#### GIVEN DATA
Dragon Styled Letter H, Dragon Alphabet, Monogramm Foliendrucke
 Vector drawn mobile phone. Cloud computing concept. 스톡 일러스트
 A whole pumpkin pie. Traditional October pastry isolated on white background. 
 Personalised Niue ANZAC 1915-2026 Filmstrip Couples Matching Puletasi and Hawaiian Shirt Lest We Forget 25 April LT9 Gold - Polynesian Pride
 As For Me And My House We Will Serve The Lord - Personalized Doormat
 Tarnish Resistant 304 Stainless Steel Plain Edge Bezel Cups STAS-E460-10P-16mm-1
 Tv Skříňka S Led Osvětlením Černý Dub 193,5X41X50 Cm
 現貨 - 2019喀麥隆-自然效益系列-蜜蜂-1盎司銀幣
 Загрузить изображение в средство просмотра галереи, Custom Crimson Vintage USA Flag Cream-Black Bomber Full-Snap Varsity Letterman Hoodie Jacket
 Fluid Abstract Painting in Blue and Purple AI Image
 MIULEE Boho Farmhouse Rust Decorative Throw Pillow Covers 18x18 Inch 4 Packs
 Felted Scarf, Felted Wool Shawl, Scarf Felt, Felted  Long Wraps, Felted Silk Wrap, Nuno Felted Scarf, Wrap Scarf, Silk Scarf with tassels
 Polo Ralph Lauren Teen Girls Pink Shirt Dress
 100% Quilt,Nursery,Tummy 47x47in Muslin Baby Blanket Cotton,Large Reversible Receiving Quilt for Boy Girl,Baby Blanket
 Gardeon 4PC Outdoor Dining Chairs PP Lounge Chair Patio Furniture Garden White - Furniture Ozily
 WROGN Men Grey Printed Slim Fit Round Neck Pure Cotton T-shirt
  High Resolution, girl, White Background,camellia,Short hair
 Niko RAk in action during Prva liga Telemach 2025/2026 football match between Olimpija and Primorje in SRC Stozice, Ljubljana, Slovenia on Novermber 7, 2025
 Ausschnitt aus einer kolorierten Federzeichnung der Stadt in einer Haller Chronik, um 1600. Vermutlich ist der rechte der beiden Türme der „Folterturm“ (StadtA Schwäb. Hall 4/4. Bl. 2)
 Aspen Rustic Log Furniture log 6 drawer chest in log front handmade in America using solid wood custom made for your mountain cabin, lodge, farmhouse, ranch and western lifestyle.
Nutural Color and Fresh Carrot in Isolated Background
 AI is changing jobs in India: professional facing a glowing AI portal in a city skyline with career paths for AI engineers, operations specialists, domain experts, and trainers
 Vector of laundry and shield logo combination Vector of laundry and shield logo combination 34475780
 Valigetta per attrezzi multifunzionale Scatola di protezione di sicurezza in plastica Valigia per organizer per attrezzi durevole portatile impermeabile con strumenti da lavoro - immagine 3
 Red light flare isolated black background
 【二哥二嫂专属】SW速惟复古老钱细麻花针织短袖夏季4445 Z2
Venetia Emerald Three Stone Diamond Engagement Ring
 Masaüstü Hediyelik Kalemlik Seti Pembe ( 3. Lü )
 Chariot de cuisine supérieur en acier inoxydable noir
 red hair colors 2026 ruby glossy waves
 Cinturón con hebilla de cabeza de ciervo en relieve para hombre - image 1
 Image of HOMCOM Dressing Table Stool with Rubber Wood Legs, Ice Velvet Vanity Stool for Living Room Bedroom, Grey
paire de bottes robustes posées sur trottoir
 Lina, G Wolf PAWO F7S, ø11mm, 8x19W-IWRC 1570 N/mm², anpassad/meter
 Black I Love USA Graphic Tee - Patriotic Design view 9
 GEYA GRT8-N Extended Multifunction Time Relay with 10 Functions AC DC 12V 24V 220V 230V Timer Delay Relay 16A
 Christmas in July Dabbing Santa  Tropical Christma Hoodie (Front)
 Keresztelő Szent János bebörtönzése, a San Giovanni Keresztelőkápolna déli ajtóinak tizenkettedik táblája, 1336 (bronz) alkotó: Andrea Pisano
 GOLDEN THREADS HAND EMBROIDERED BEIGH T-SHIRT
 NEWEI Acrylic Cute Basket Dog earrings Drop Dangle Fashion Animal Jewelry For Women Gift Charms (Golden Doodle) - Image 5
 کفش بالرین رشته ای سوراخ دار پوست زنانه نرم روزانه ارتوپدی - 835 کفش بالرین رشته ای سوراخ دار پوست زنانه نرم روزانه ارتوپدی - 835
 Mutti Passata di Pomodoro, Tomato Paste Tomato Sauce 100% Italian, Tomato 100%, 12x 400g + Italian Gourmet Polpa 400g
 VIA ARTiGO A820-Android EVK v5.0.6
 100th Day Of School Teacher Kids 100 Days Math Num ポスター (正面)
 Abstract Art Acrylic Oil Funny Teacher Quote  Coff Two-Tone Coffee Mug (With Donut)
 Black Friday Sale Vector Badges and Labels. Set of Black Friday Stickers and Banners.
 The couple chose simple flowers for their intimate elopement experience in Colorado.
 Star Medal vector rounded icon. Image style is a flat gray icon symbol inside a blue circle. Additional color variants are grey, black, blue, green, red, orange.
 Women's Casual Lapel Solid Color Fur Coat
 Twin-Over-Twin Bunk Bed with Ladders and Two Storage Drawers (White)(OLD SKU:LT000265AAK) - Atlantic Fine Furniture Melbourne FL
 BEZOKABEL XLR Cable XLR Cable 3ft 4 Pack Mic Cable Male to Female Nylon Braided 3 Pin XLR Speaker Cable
########
YOUR TASK: From the entries above, return exactly the line containing "NEWEI Acrylic Cute", the line containing "835 کفش بالرین", and all lines between, and nothing else.

OUTPUT OF THE EXERCISE:
 NEWEI Acrylic Cute Basket Dog earrings Drop Dangle Fashion Animal Jewelry For Women Gift Charms (Golden Doodle) - Image 5
 کفش بالرین رشته ای سوراخ دار پوست زنانه نرم روزانه ارتوپدی - 835 کفش بالرین رشته ای سوراخ دار پوست زنانه نرم روزانه ارتوپدی - 835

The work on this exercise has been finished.